The President also stressed the importance of strategic partnerships with credible international investors who can help build local capacity while respecting Malawi’s resource sovereignty.
Mining experts note that the Kasiya rutile site, managed by Sovereign Metals Limited, is among the largest undeveloped rutile reserves globally, while the Kangankunde site holds rare earth elements crucial for electric vehicles, renewable energy, and high-tech electronics.
Economists have cautioned that the policy’s success will depend on heavy investment in processing infrastructure, technology, and skilled labor. They also emphasized the need for transparency, environmental sustainability, and community engagement in mining areas.

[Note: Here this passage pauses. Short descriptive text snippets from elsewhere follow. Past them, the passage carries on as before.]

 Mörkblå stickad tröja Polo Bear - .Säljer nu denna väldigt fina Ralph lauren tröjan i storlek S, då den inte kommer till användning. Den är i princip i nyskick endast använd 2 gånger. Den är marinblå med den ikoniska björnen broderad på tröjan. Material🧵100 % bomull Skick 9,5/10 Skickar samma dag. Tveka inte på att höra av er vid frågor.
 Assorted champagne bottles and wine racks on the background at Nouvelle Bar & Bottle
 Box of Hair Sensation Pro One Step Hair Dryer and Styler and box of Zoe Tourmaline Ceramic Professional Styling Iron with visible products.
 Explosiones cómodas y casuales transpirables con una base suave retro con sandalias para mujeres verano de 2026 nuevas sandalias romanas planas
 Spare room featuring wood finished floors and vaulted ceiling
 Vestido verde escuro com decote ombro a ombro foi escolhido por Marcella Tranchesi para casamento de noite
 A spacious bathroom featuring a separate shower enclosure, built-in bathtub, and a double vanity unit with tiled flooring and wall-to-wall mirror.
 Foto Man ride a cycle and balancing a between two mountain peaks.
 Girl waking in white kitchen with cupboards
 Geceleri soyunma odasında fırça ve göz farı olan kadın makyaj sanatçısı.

Civil society organizations welcomed the move but called for strong oversight to prevent corruption and ensure that mineral wealth benefits the broader population.
Malawi’s mining sector has historically been dominated by foreign firms, with limited local participation and minimal contribution to the national economy. Past disputes, such as those surrounding the Kayelekera uranium mine and the Kangankunde site, underscored the challenges of benefiting fully from the country’s mineral resources.
President Mutharika’s export ban signals a decisive step toward reversing this trend, promoting industrialization, and transforming Malawi’s mineral resources into a driver of sustainable economic growth.
The focus now shifts to how effectively the government can implement this vision and ensure the country’s wealth translates into jobs, infrastructure, and prosperity for its citizens.